- ABOUT THIS EXERCISE -
Copy nothing but the lines below, from the one with "2765 Powderhorn Ridge" through the one with "Ретро Прочная желтая", exactly as written; no pictures should appear.

───

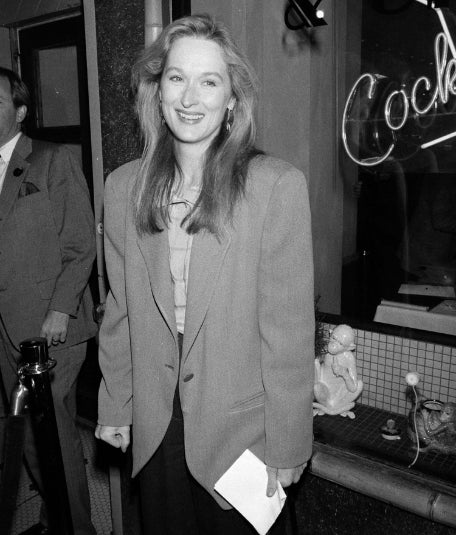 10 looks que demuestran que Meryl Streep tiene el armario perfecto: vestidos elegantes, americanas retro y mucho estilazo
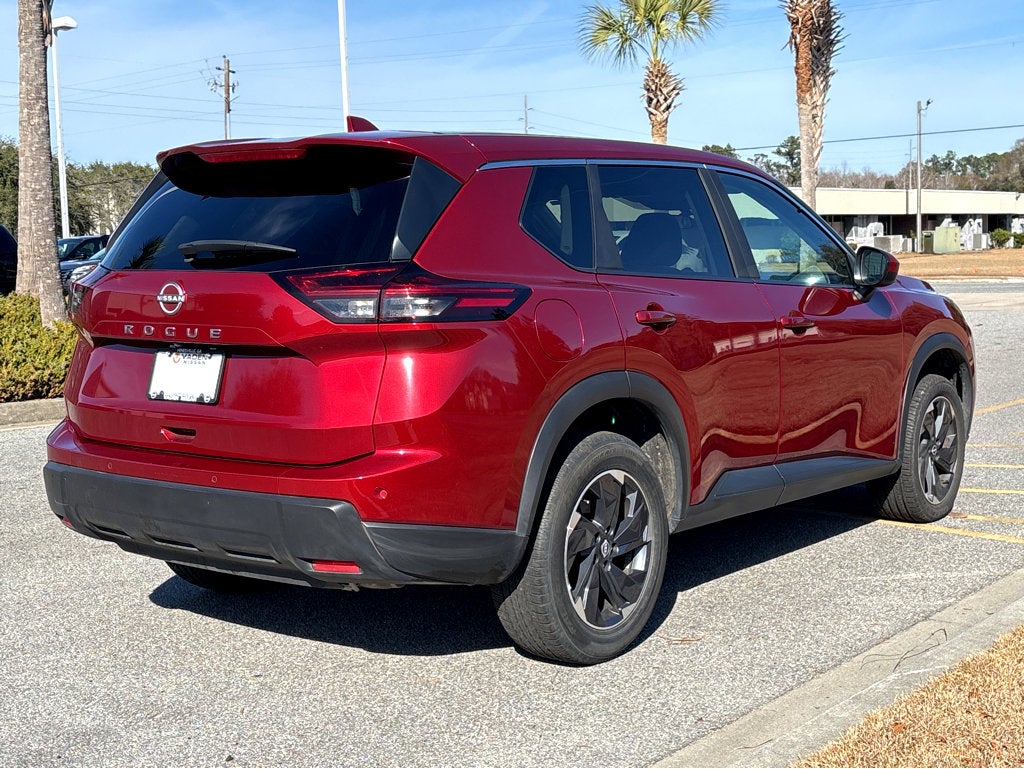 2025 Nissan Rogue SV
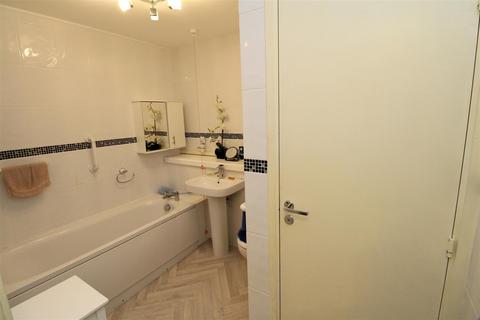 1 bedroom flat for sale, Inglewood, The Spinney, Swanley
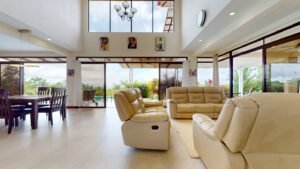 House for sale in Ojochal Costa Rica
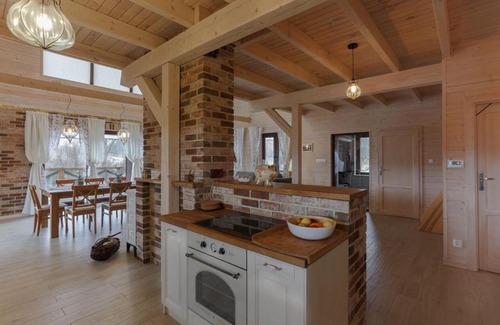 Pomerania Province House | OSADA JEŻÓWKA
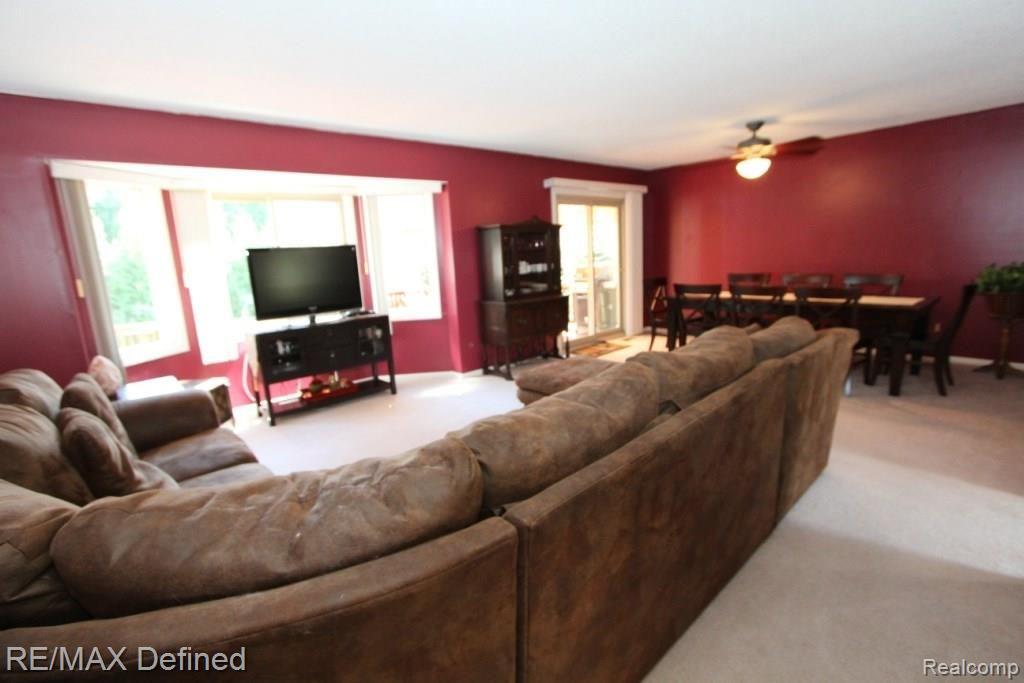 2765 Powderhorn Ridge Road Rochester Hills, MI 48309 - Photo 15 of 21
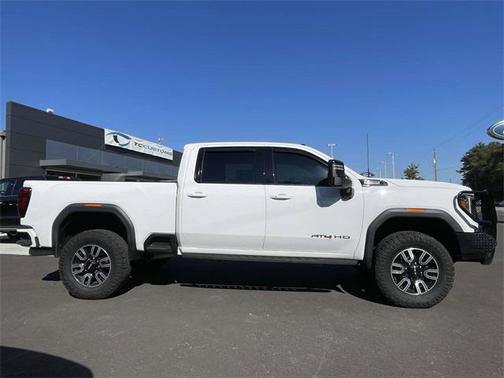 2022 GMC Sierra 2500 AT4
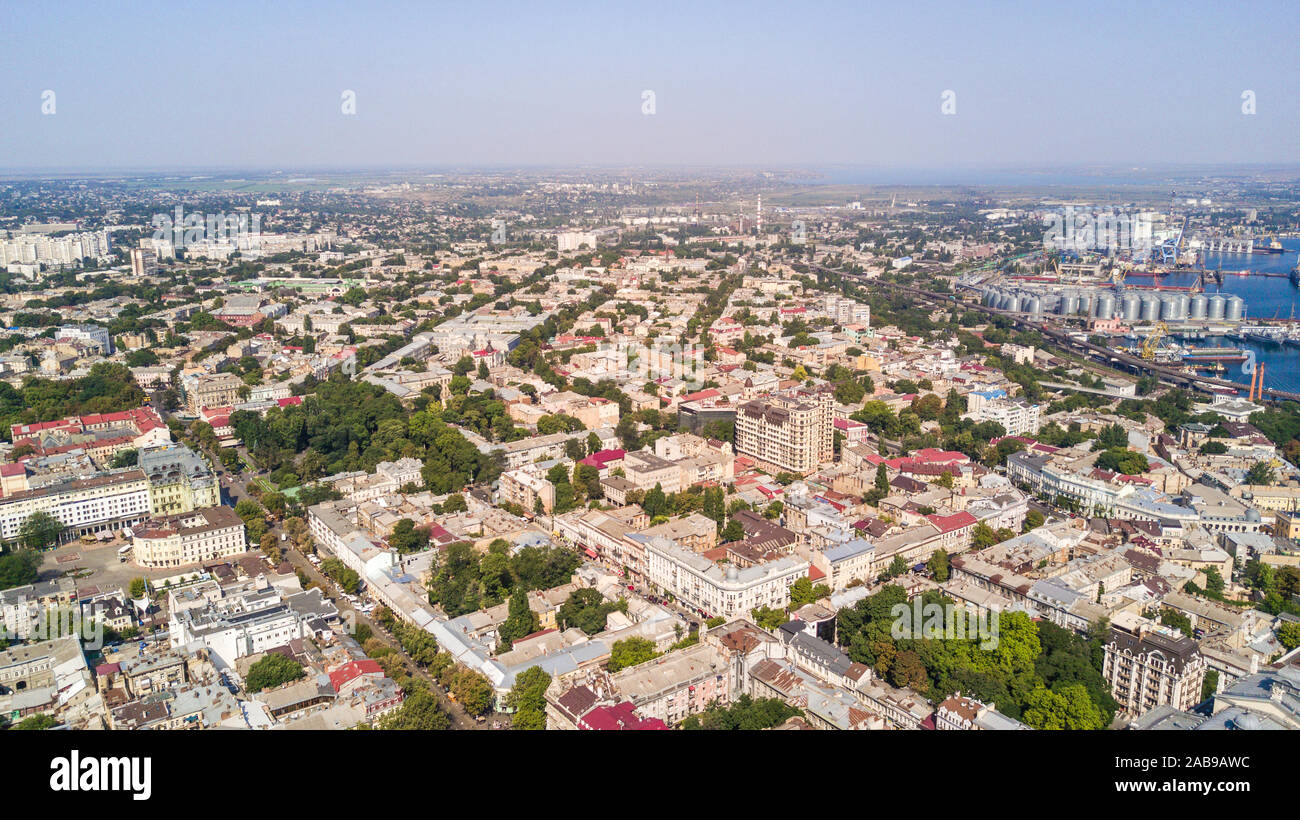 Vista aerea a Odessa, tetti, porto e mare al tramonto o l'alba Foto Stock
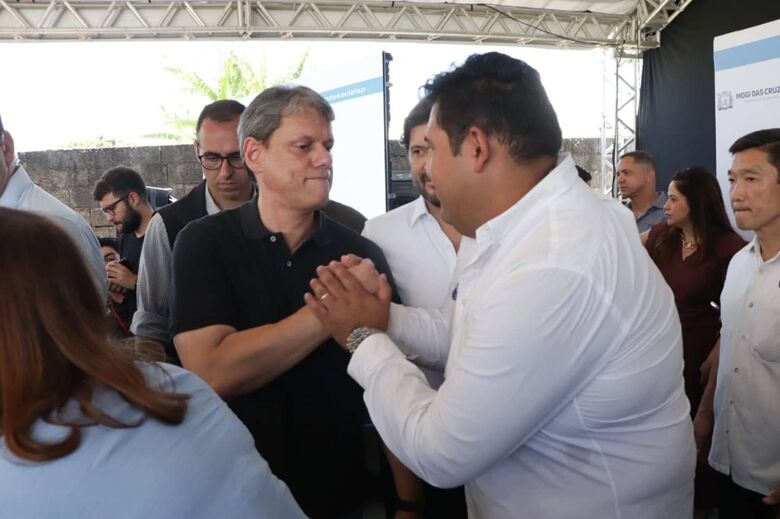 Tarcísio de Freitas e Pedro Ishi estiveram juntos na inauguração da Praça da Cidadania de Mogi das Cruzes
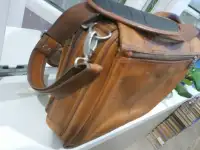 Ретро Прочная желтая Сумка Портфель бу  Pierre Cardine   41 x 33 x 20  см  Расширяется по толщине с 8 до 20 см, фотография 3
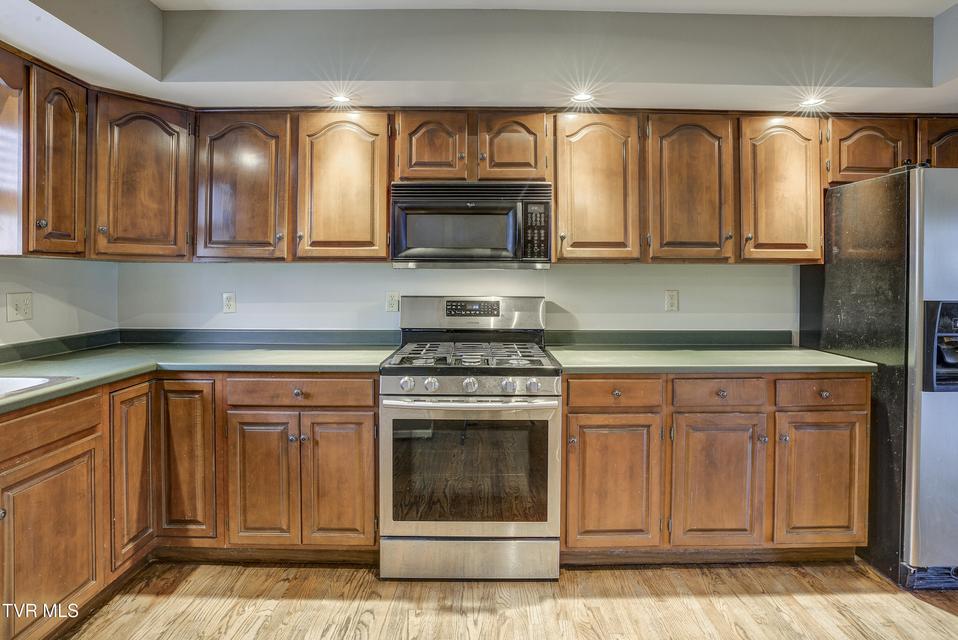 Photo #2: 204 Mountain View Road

───

- ANSWER BOX -
 2765 Powderhorn Ridge Road Rochester Hills, MI 48309 - Photo 15 of 21
 2022 GMC Sierra 2500 AT4
 Vista aerea a Odessa, tetti, porto e mare al tramonto o l'alba Foto Stock
 Tarcísio de Freitas e Pedro Ishi estiveram juntos na inauguração da Praça da Cidadania de Mogi das Cruzes
 Ретро Прочная желтая Сумка Портфель бу  Pierre Cardine   41 x 33 x 20  см  Расширяется по толщине с 8 до 20 см, фотография 3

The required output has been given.